Although Oakley was established in the late 1860s, families generally left during the winter months so that their children could attend school. It was not until 1877 that plans were made to build a school – a one-room building on land belonging to Warren “Tuck” Frazier. The first trustees were Elijah Hortin and Joseph Phillips. 

The location was a compromise to placate the inhabitants of New Field (who thought the school should be near them), and those of Oakley proper, who wanted it in the town. Of course, it pleased neither. George Johnson related that when the schoolhouse was being plastered with mud, his father (Alfred Johnson) and Dan Hopkins got in an argument. It was settled when Johnson picked up a bucket of mud and threw it all over Hopkins.

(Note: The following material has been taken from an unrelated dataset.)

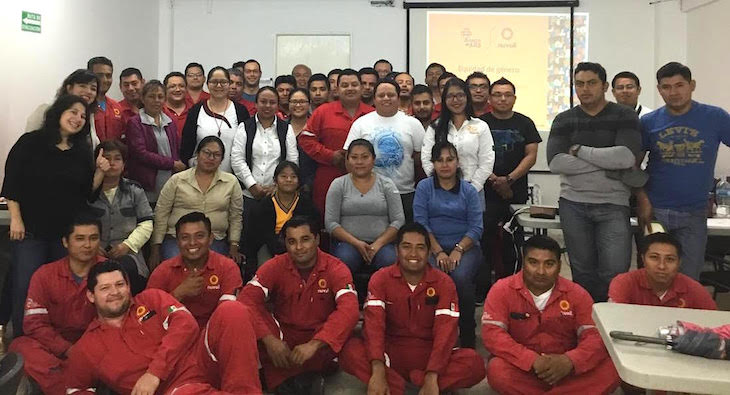 Empresa mexicana Nuvoil impulsa acciones para avanzar en materia de equidad de género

The building was heated by a small stove, and each student was required to bring logs for the winter. There about twenty pupils, that first winter, of whom Albert White, aged 16, was the oldest. Students came from as far away as Rockport and Wanship to attend. 

The teachers boarded with the families of their students, a week at a time, to help pay for schooling. The first teacher was Thomas D. Moore. Other teachers included Mary Shippen, Vesta Bridges and Martha Hoyt. Not all the teachers were popular, though. Edna Vernon Judd recalled a John Cleary, who had a hook on one arm. Thinking that she had caused a disturbance in class, he struck her across the elbow, almost breaking her arm. Unfortunately for Mr Cleary, Edna’s father, James Vernon, was a school trustee and took the teacher to task.

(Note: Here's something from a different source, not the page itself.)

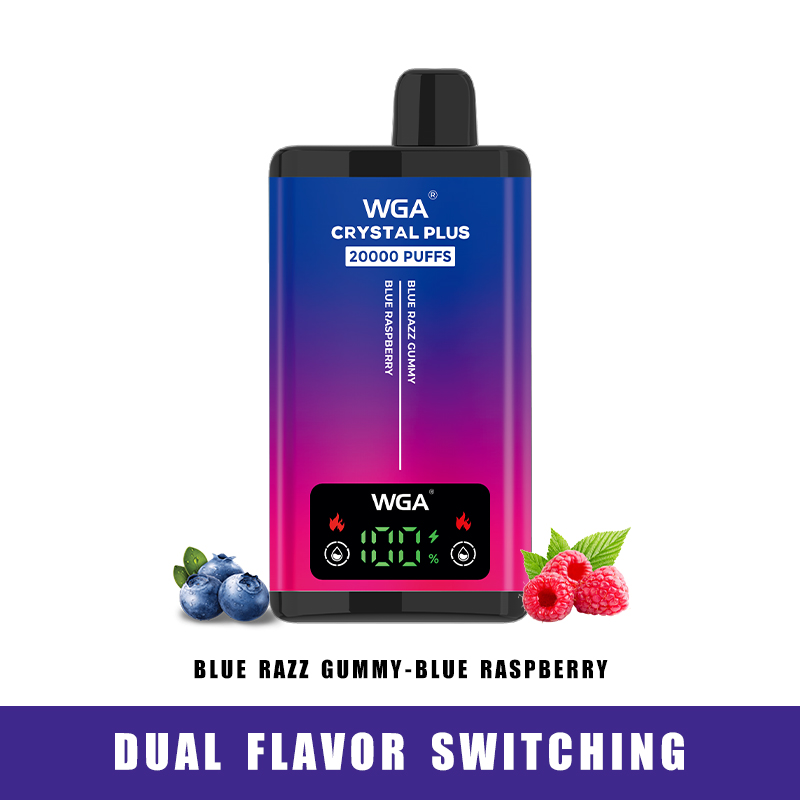 [Europe-DE01] WGA Crystal Plus 20000 Kit 30ml-CigBest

This first school burned down in 1884. In 1885 W.H. Stevens built a dance hall, which he leased or sold to the school district, and for almost twenty years school was held there.  The two classes were separated by a curtain, paid for by the Lincoln Society. It was heated by a pot-bellied stove. Every week or so, the pipe would blow off, granting the students a vacation until one of the three trustees could fix it. 

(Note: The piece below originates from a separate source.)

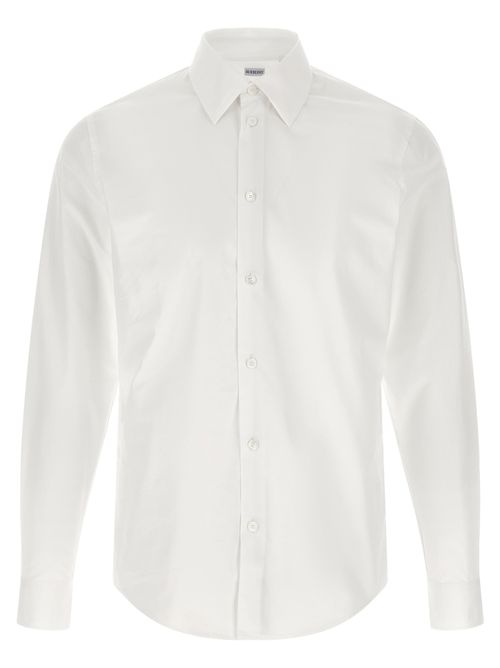 Check Shirt — White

Oakley Pond with the dance hall (school) on the left and the chapel on the right

In 1898 Albert D. Richards and Leonard Frazier Sr bought six new desks for the school at a cost of $3.90 each, and Albert Richards made erasers for the blackboard out of blocks of wood with sheepskin tacked on.  

The school moved to Oakley chapel in 1903, and in 1904 a new school building opened. 85,000 bricks, fired by Nathan Snapp, were used to build it. 

From the Coalville Times, 1904
The new brick school

It served until the Valley schools were consolidated in 1939. Oakley Town bought the old school house and grounds, which were demolished to make way for a town park – the first official rodeo grounds. 

Sometime before 1890 the school district bought a bell, which rang promptly at 8:30am from each building that housed the school. Upon discontinuation of the school district, the bell was given to the Daughters of the Pioneers and later presented to May Sorenson. It now hangs in Oakley Town Hall belfry.